═══ Record extracts ═══

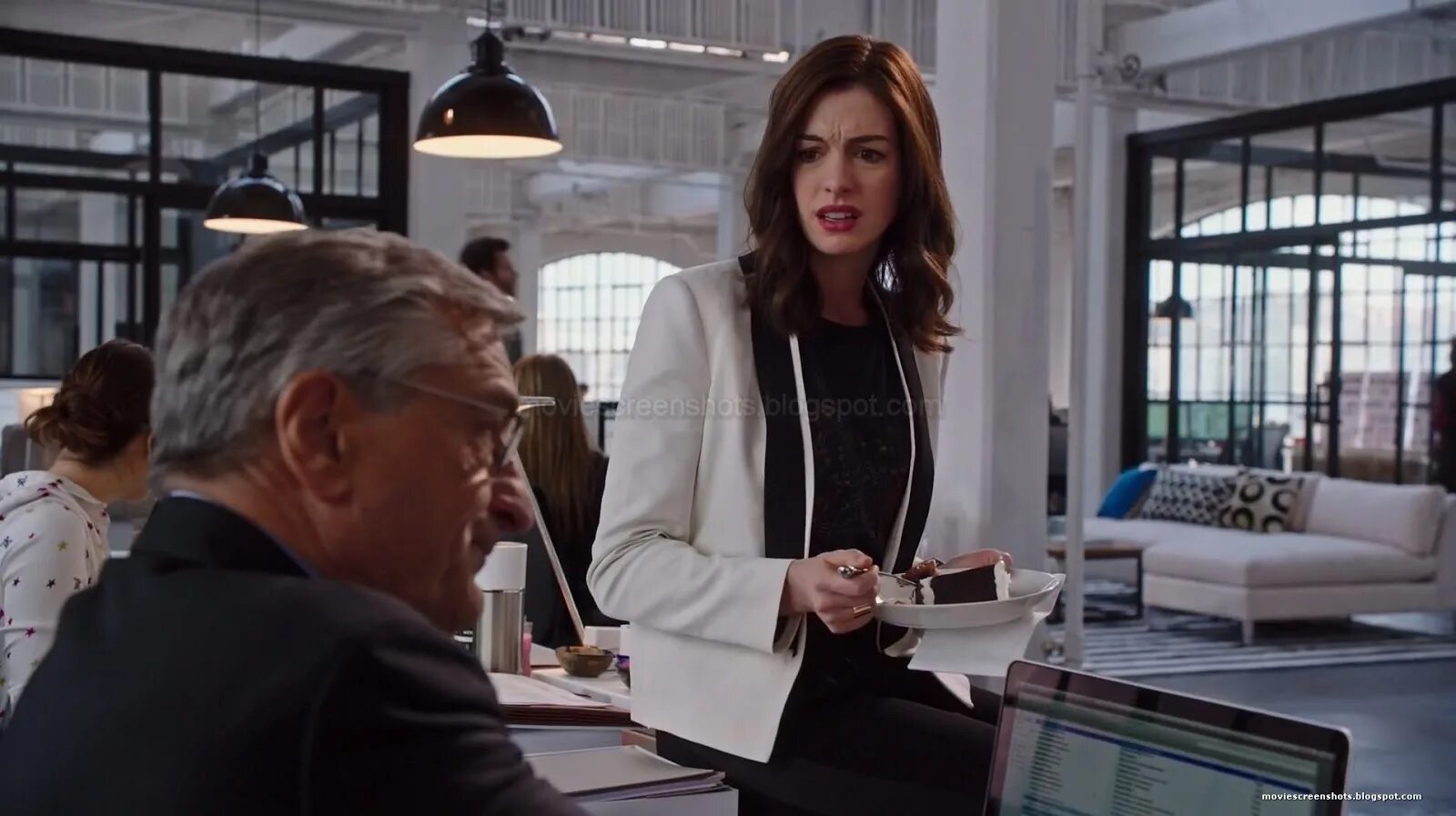 Фильм стажер 1080. Братья стажер. Роберт де ниро и энн хэтэуэй в фильме стажер. Стажёры братья стругацкие аудиокнига. Стругацкие стажеры 1991.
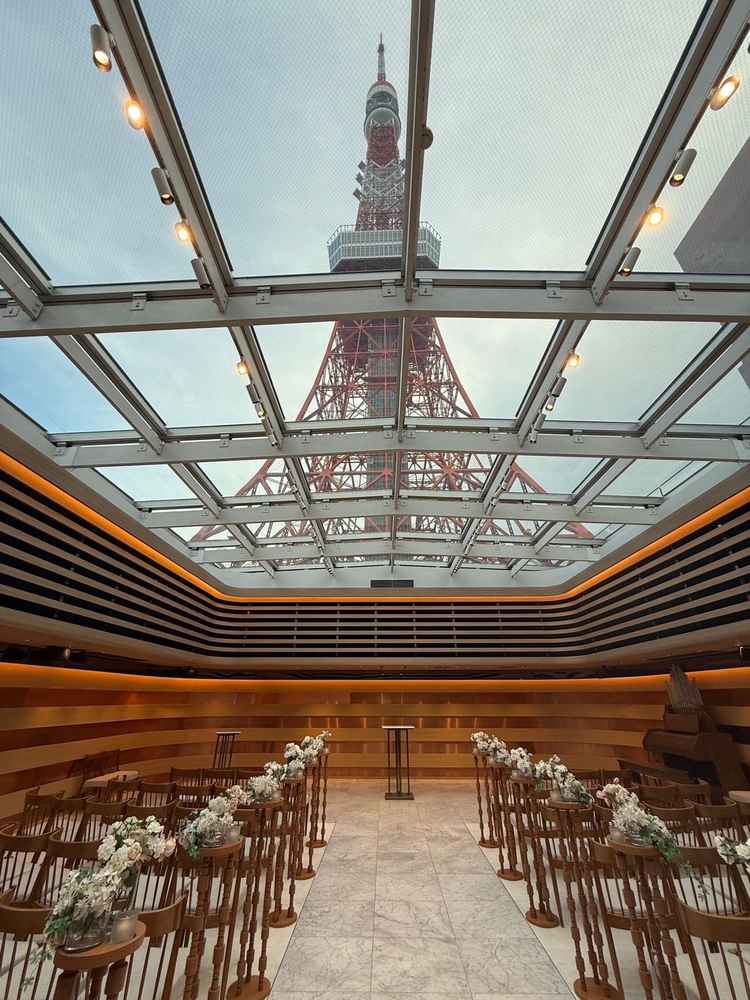 チャペルからの景色。見上げると東京タワーのてっぺんまで見えて印象的だった。近すぎて雨など景色が悪くて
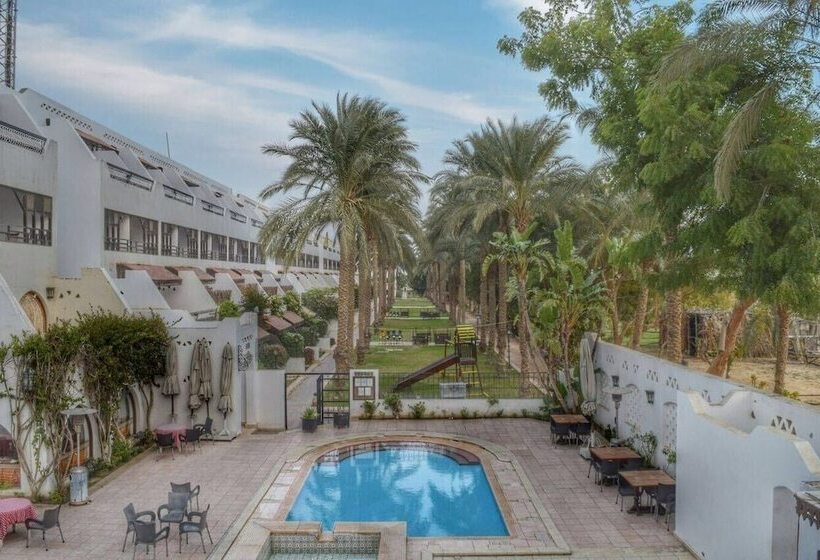 اتاق استاندارد, Six Corners Resort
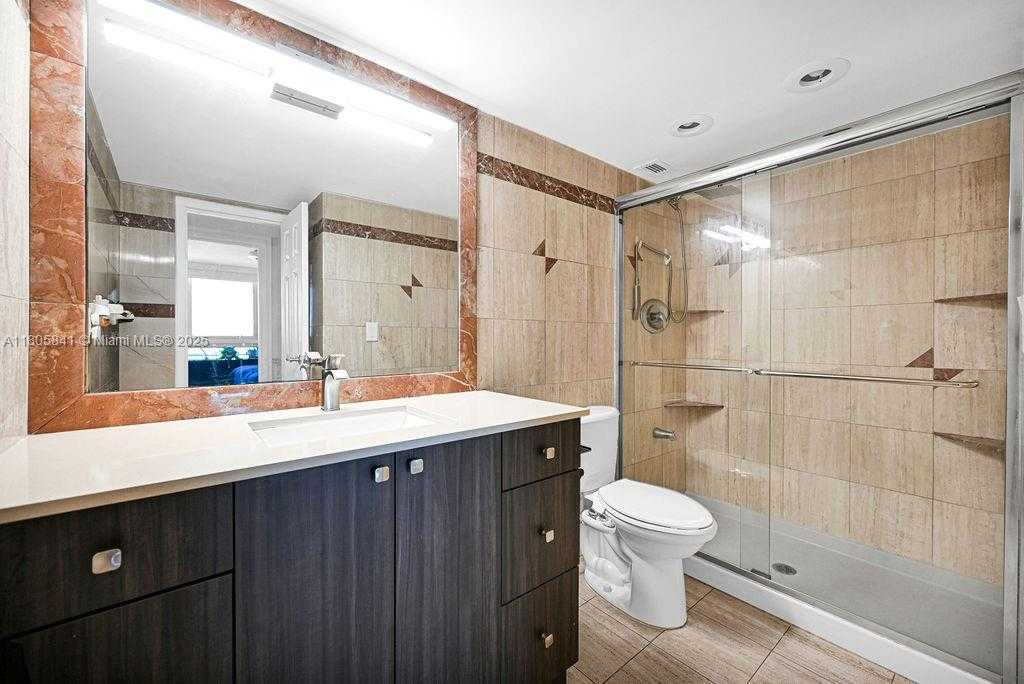 Small Image of 2655 COLLINS AVE #1501, Miami Beach Number 27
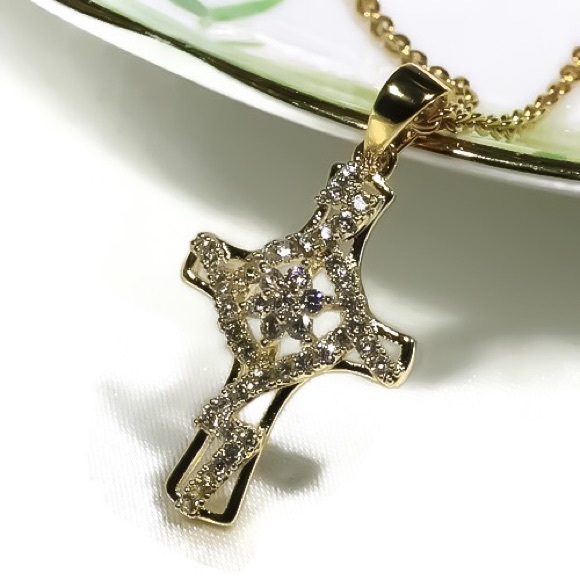 nejd Jewelry - 🇲🇱14K Gold Filled Celtic Cross Simulated Diamond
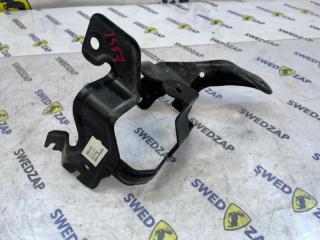 Кронштейн гур Volvo S80 2014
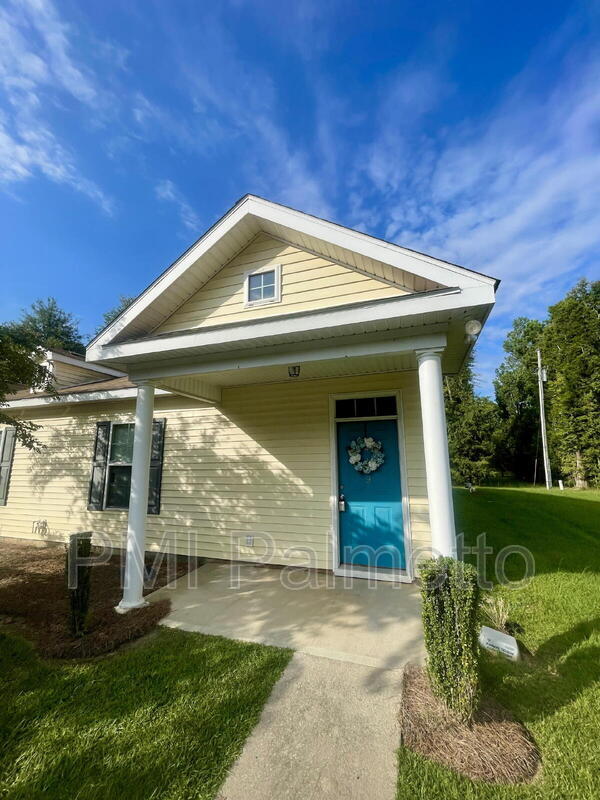 Primary Photo - 109 Fairview Park Dr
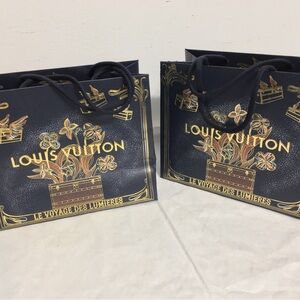 Louis Vuitton Black and Gold paper Gift Bag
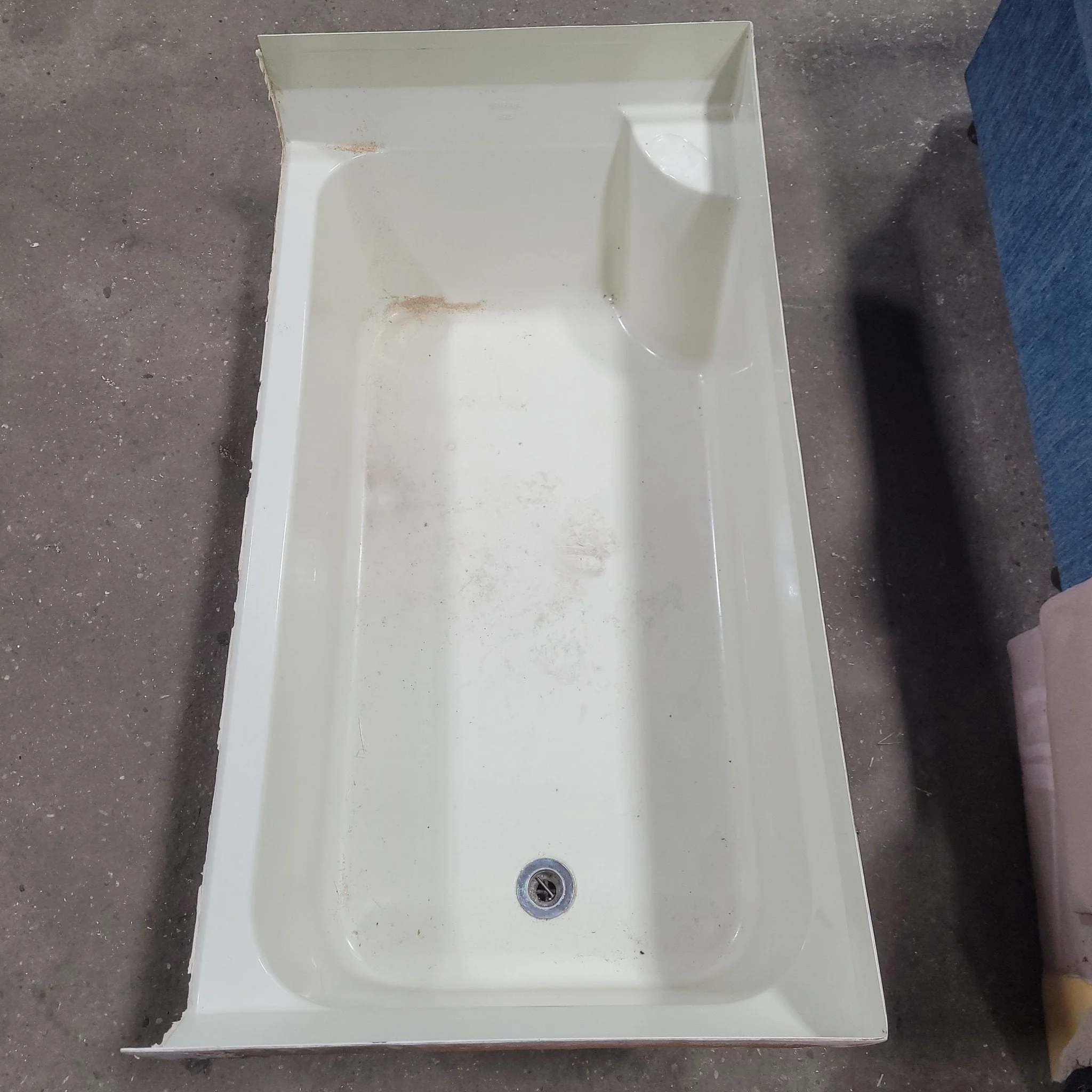 Used RV Bath Tub 45 3/4” x 24 1/2” - Right Hand Drain - Image 2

═══

Directions for this task: Pictures are to be omitted; otherwise, write out the data exactly as it appears.

Exercise response:
 Фильм стажер 1080. Братья стажер. Роберт де ниро и энн хэтэуэй в фильме стажер. Стажёры братья стругацкие аудиокнига. Стругацкие стажеры 1991.
 チャペルからの景色。見上げると東京タワーのてっぺんまで見えて印象的だった。近すぎて雨など景色が悪くて
 اتاق استاندارد, Six Corners Resort
 Small Image of 2655 COLLINS AVE #1501, Miami Beach Number 27
 nejd Jewelry - 🇲🇱14K Gold Filled Celtic Cross Simulated Diamond
 Кронштейн гур Volvo S80 2014
 Primary Photo - 109 Fairview Park Dr
 Louis Vuitton Black and Gold paper Gift Bag
 Used RV Bath Tub 45 3/4” x 24 1/2” - Right Hand Drain - Image 2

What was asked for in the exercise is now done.